---
name: gec-figures-and-tables
description: Use when designing the figures, tables, framework diagrams, and maps for a Global Environmental Change (GEC) manuscript, plus the required Highlights. GEC reaches an interdisciplinary, policy-relevant audience, so exhibits must be self-contained and legible across disciplines. Improves exhibits; it does not fabricate data.
---

# Figures & Tables (gec-figures-and-tables)

GEC exhibits are read by people from many disciplines and by policy-oriented readers. An exhibit must
stand on its own, communicate the human-dimensions point quickly, and survive print and grayscale. This
skill also covers the journal's **Highlights** requirement.

## When to trigger

- Designing main and supplementary figures, tables, framework diagrams, or maps
- A reviewer found an exhibit "hard to read," "overloaded," or "disconnected from the argument"
- Writing the **Highlights** (3-5 bullets) at submission
- Deciding what belongs in the main text vs. supplementary material

## Principles for GEC exhibits

1. **Self-contained.** Title, axes, units, sample, and source are legible without the text. A reader
   from another field should grasp the point from the exhibit and caption alone.
2. **Show the human/policy point.** Foreground the social driver, consequence, distribution, or
   governance outcome — not just a biophysical trend.
3. **Framework diagrams earn their place.** A clear conceptual / systems diagram often carries the
   contribution; keep it uncluttered and consistent with the text's terms.
4. **Maps and scale.** When mapping spatial variation, state the unit and scale; use classed,
   colorblind-safe schemes; avoid implying precision the data lack.
5. **Accessible.** Colorblind-safe palettes, legible in grayscale, vector output (PDF/EPS) for print;
   no information conveyed by color alone.

## Highlights (Elsevier requirement — verify on the live page)

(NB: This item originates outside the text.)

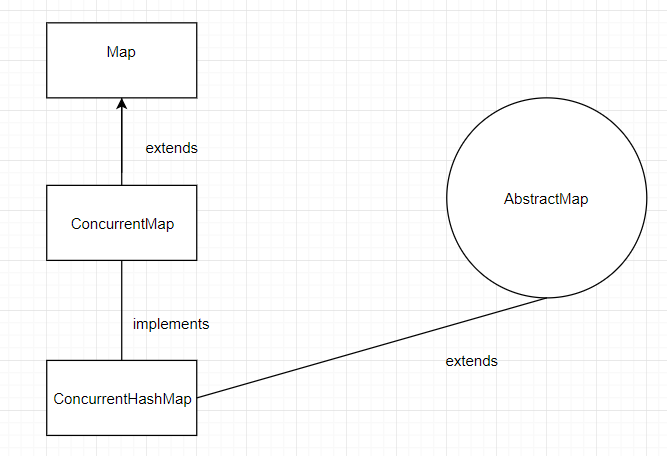 ConcurrentMap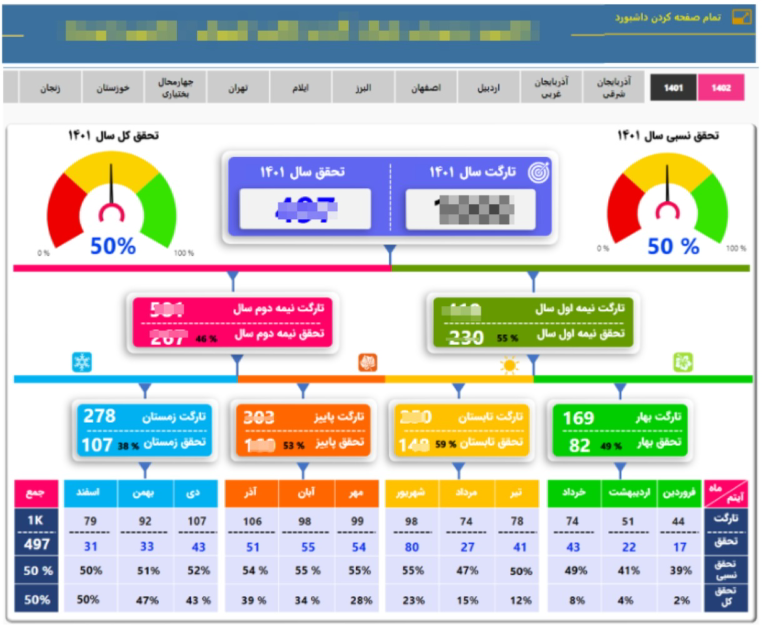 داشبورد مدیریتی توسعه در Power BI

- **3-5 bullet points**, each **≤ ~85 characters including spaces**, submitted as a **separate editable
  file** with "highlights" in the file name.
- Capture the **novel results and contribution** in plain language — they are a shop window for an
  interdisciplinary, policy audience.

## Tables

- Report effect sizes and intervals, not stars alone; label units and samples.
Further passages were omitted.